**Try it**. Set down all of the data that follows word for word, without the images.

**Data to examine**.

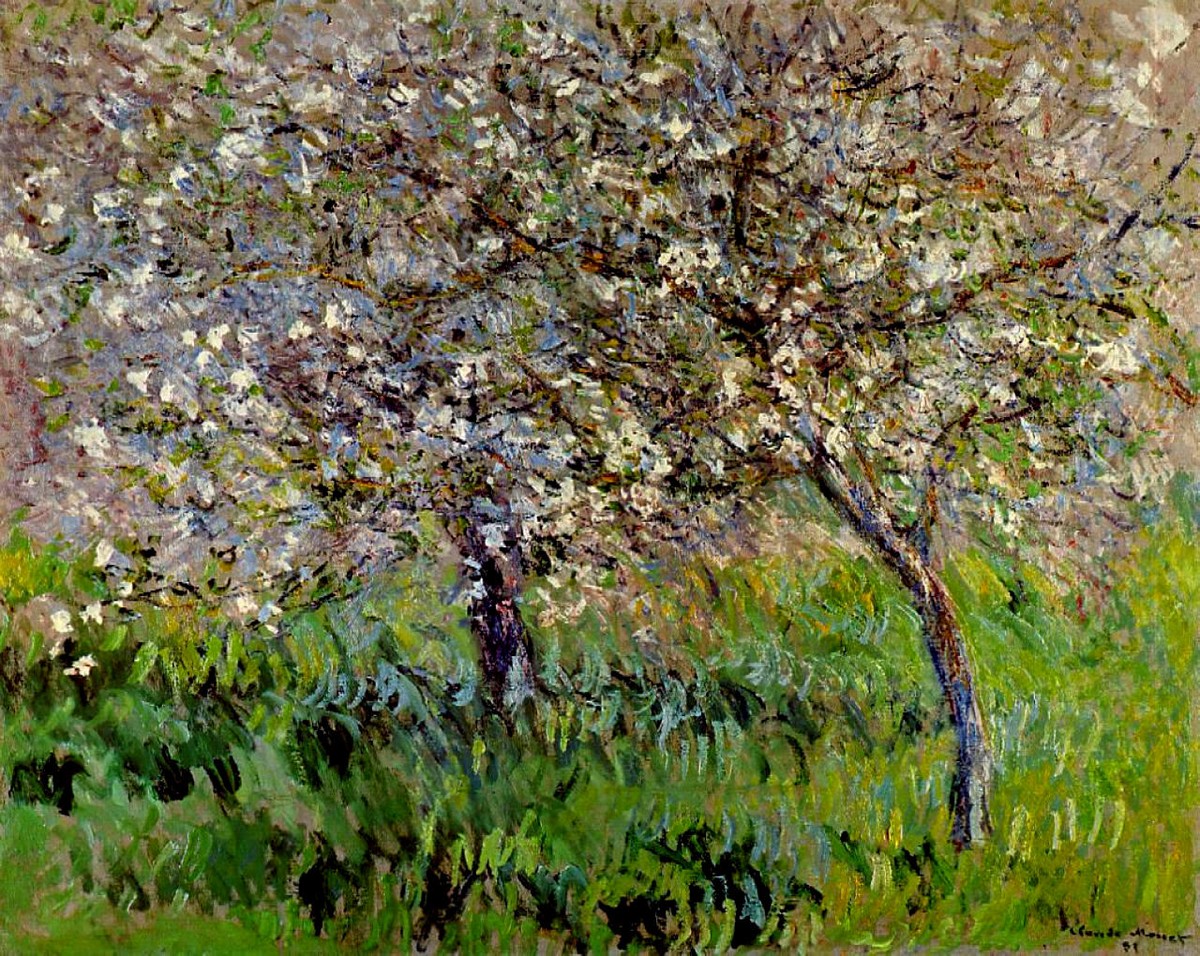 Apple Trees in Bloom at Giverny by Claude Monet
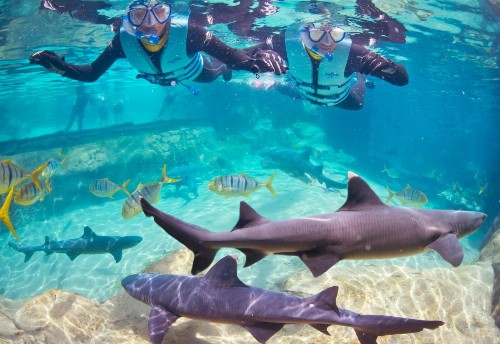 Staybridge Suites Orlando at SeaWorld an IHG Hotel - image 39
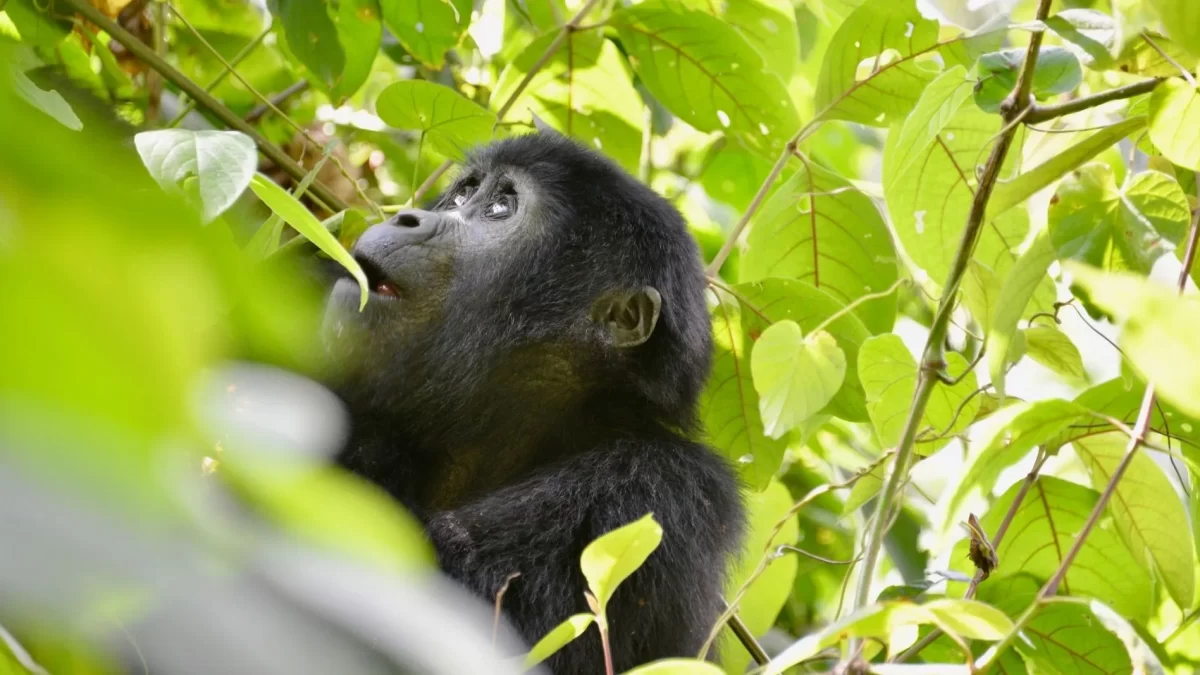 Gorilla Trekking Briefing & Guidance - Fly into Kigali Trek Cheap Gorillas in Uganda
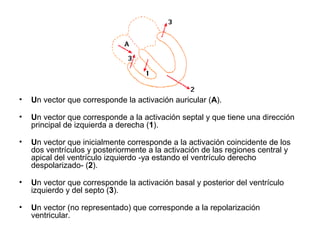 • Un vector que corresponde la activación auricular (A).
• Un vector que corresponde a la activación septal y que tiene una dirección
principal de izquierda a derecha (1).
• Un vector que inicialmente corresponde a la activación coincidente de los
dos ventrículos y posteriormente a la activación de las regiones central y
apical del ventrículo izquierdo -ya estando el ventrículo derecho
despolarizado- (2).
• Un vector que corresponde la activación basal y posterior del ventrículo
izquierdo y del septo (3).
• Un vector (no representado) que corresponde a la repolarización
ventricular.
 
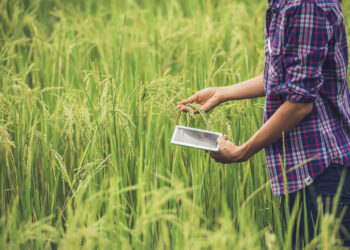 Portugal lidera no consumo de arroz, mas sufoca na sua produção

**Answer section**.
 Apple Trees in Bloom at Giverny by Claude Monet
 Staybridge Suites Orlando at SeaWorld an IHG Hotel - image 39
 Gorilla Trekking Briefing & Guidance - Fly into Kigali Trek Cheap Gorillas in Uganda
 • Un vector que corresponde la activación auricular (A).
• Un vector que corresponde a la activación septal y que tiene una dirección
principal de izquierda a derecha (1).
• Un vector que inicialmente corresponde a la activación coincidente de los
dos ventrículos y posteriormente a la activación de las regiones central y
apical del ventrículo izquierdo -ya estando el ventrículo derecho
despolarizado- (2).
• Un vector que corresponde la activación basal y posterior del ventrículo
izquierdo y del septo (3).
• Un vector (no representado) que corresponde a la repolarización
ventricular.
 
 Portugal lidera no consumo de arroz, mas sufoca na sua produção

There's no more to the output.